Supreme Court gives landowners big win in Florida case



The U.S. Supreme Court gave the family of a Central Florida landowner – as well as property owners and developers across the state and country – a significant victory on Tuesday with a ruling that stands to make it tougher and more expensive for government agencies to protect the nation’s dwindling wetlands.

In a 5 to 4 decision, the court found that the St. Johns River Water Management District had imposed excessive demands on Coy Koontz Sr., who was denied a permit to build on a 15-acre plot outside of Orlando unless he offset or “mitigated” for paving over wetlands by restoring wetlands owned by the district several miles away.

Koontz died several years ago but his son, Coy Koontz Jr., said the family was ecstatic at winning a land-use legal battle dating back nearly two decades and giving other landowners “a bigger stick” to fight similar cases in the future.

“As my wife said, it certainly vindicates my father’s decision to take this fight on,” Koontz said during a media conference call organized by the Pacific Legal Foundation, a private property rights advocacy group that represented the family in the case.

Foundation attorney Paul Beard said the ruling would help protect landowners and set a higher bar for government regulators. “Anyone who owns a home or business and wants to make use of it, they will no longer be subject to willy-nilly extortion demands from permitting agencies,” he said.

But environmentalists, echoing dissenting justices, also warned that the ruling could weaken or undermine wetlands protection laws and other land-use regulations. Similar off-site “mitigation” agreements have long been an important tool for federal, state and local regulators trying to enforce a national “no net loss” of wetlands policy established by President George H. W. Bush in 1988.

The case started in 1994 when Koontz applied to dredge and fill 3.7 acres of his land while preserving the rest of the tract in Orange County’s Econlockhatchee River basin. The district rejected his plan, instead giving him the option of building on one acre or paying to restore district-owned wetlands several miles away to compensate for the environmental damage of plowing under wetlands on his own land.

Koontz sued instead, arguing the district’s demands constituted an illegal “taking” by denying him use of his land without fair compensation. He won a $376,000 award at a trial court level but the Florida Supreme Court overturned that decision in 2011, accepting the district’s argument that nothing had actually been taken from Koontz since he retained ownership of the land.

On appeal, the federal high court found the district actions violated Koontz’s property rights.

Justice Samuel Alito, writing for the conservative majority, said the district over-reached, failing to meet two key tests established in earlier rulings requiring agencies to show a “nexus” and “rough proportionality” when demanding that a property owner take actions or pay for outside work, such as wetlands mitigation or road widening, in order to obtain a permits.
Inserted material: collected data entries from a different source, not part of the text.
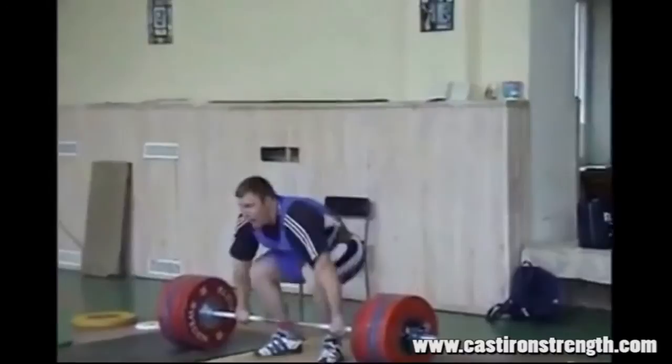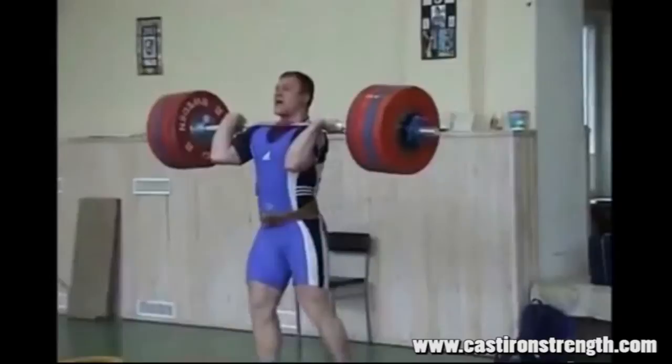Also note that he quickly gets under the bar, and when he moves to jerk it's just a nice short sharp dip — explodes up and drives the bar into the receive.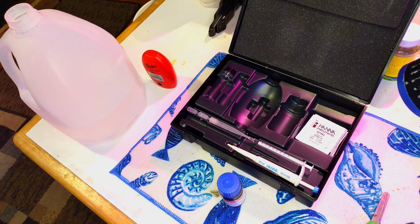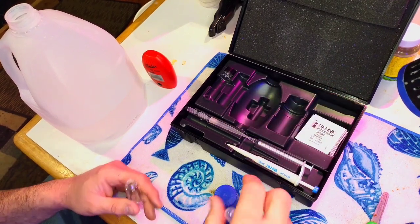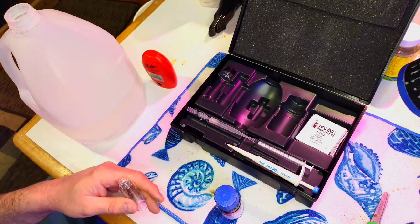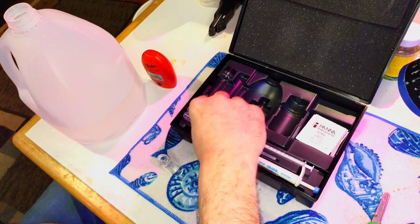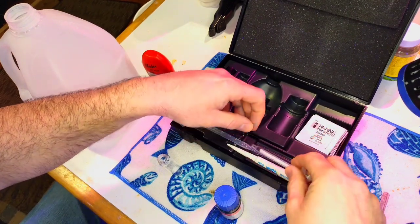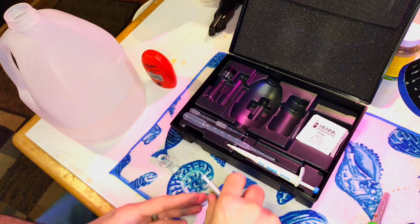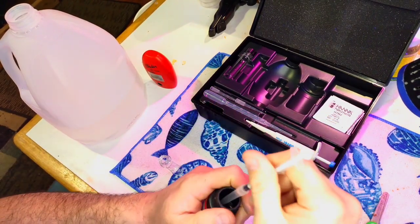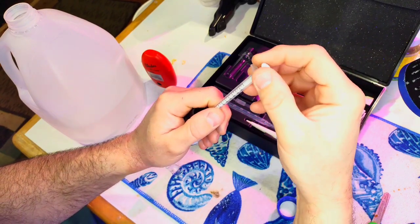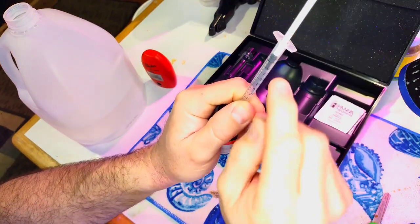On this test you don't get 10 milliliters of tank water — you get one milliliter of reagent and then fill the rest up with distilled water. The actual tank water sample is very small. Set that aside and put in your one milliliter of reagent. Draw it up until the bottom part of the plunger is on the zero mark — here's 0.1, you want it up there. It can be hard to see on camera.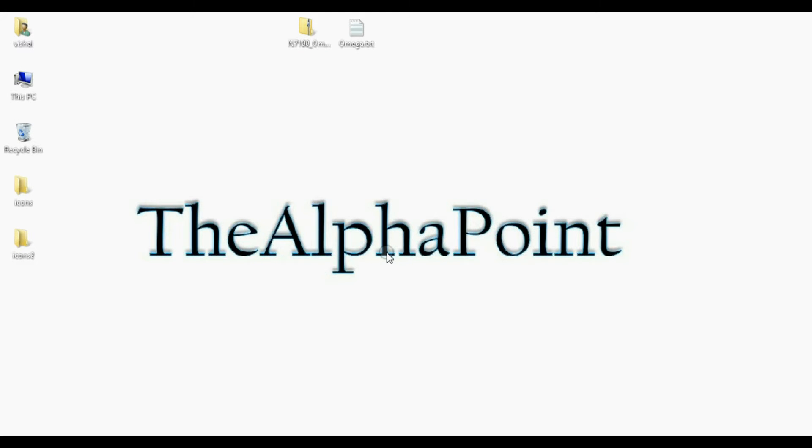Welcome to the Alpha Point. I am Vishal and today I am going to show how to install Omega version 19 ROM with Android 4.3 Jelly Bean in your Samsung Galaxy Note 2.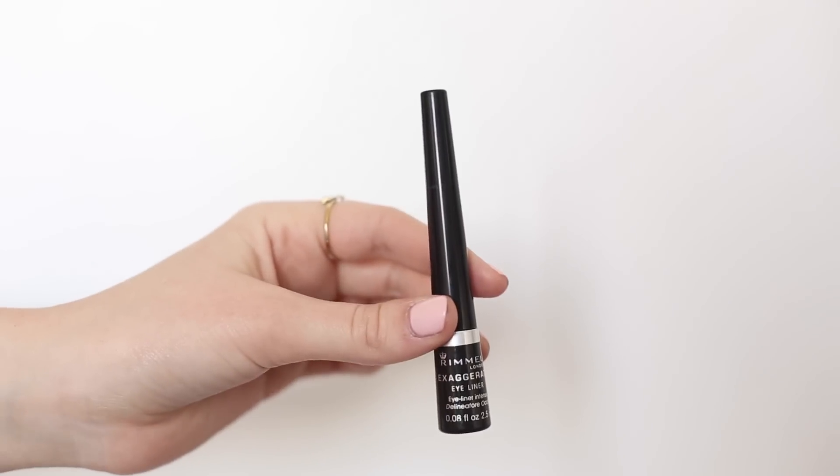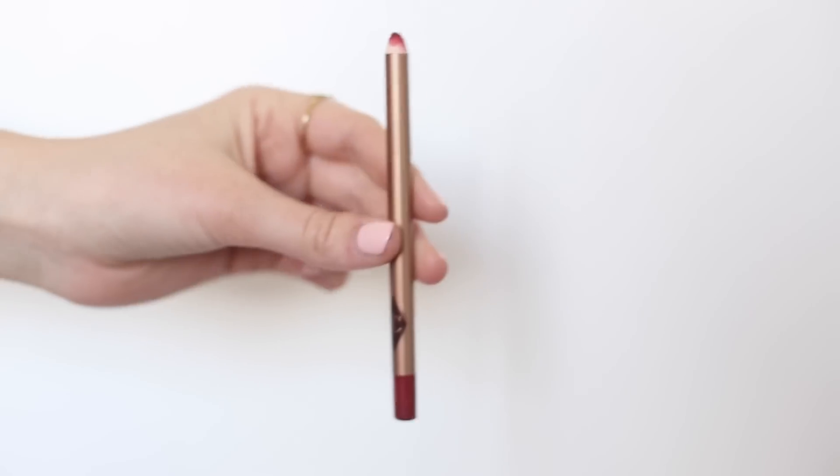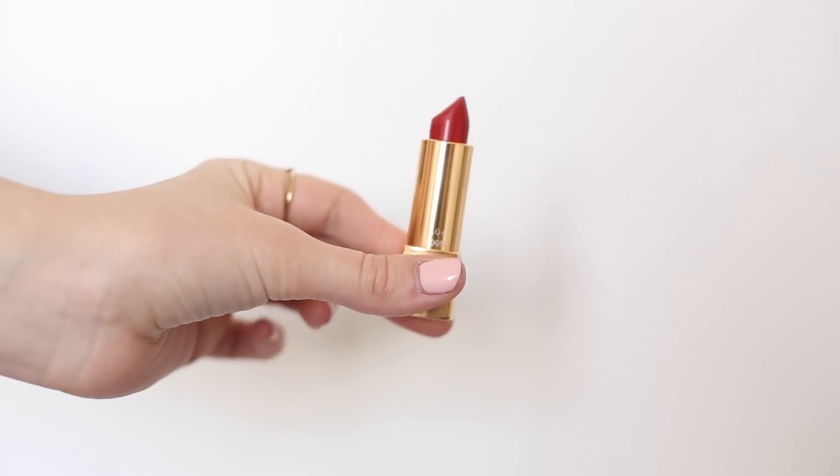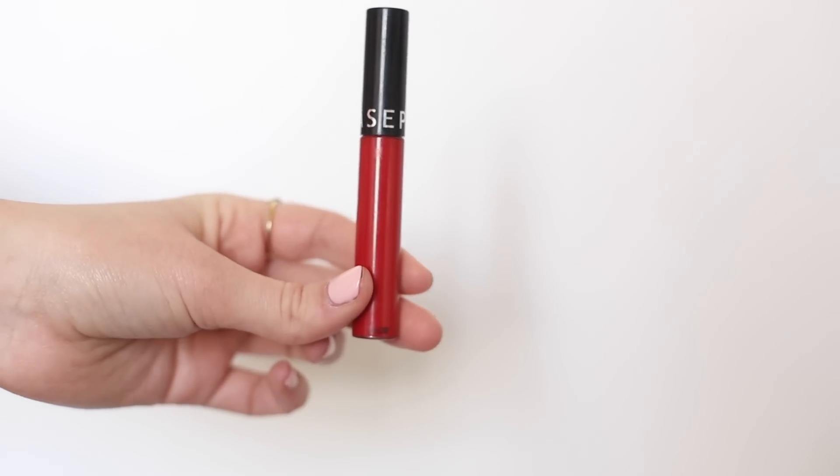This is what I used: Rimmel Exaggerate Eyeliner, Benefit Roller Lash, Full Eye Pencil in Deep Black, The Body Shop Solid Oil Lips, Charlotte Tilbury Lip Cheat in Savage Rose, Chanel Rouge en Leur Lipstick in 104 Passion, and Fora Lip Stain in 01.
The case, he wrote, underlined the “risk that the government may deploy its substantial power and discretion in land-use permitting to pursue governmental ends that lack an essential nexus and rough proportionality to the effects of the proposed use of the property at issue.”

Justice Elena Kagan, in a dissenting opinion for the court’s four liberal justices, agreed regulators should properly justify demands but that shouldn’t rule out requiring landowners to pay for mitigation work as part of getting a permit.

The majority ruling, Kagan wrote, could reduce government flexibility, expose local governments to a new slew of takings cases and force courts to sign off on everyday zoning and land-use decisions.

“The boundaries of the majority’s new rules are uncertain,’’ she wrote. “But it threatens to subject a vast array of land-use regulations, applied daily in states and localities throughout the country, to heightened constitutional scrutiny.’’

The array of briefs filed in the case reflected the high stakes. They came from the Obama administration, environmental groups like Audubon and builders groups like the National Association of Home Builders.

Julie Hill-Gabriel, Audubon’s director of Everglades policy, said it will take some time to determine how agencies respond to the ruling but suspects that, at the very least, it would reduce their flexibility.

Miami attorney Kerri Barsh, a land-use lawyer for Greenberg Traurig who represents rock-mining interests, said she did not believe the ruling would have any sort of chilling effect on regulators but it could level the playing field by opening the door for landowners to file “takings” challenges even before permits are formally issued.

She said it also raises questions about the future of mitigation banking, a common practice in South Florida where developers pay to restore wild tracts that are often miles or even counties away from their projects.

Patrick Gillespie, a spokesman for the Florida Department of Environmental Protection said the decision “clarified the constitutional protections that must be afforded to landowners” and said the agency would work with water districts to ensure legal issues would be addressed.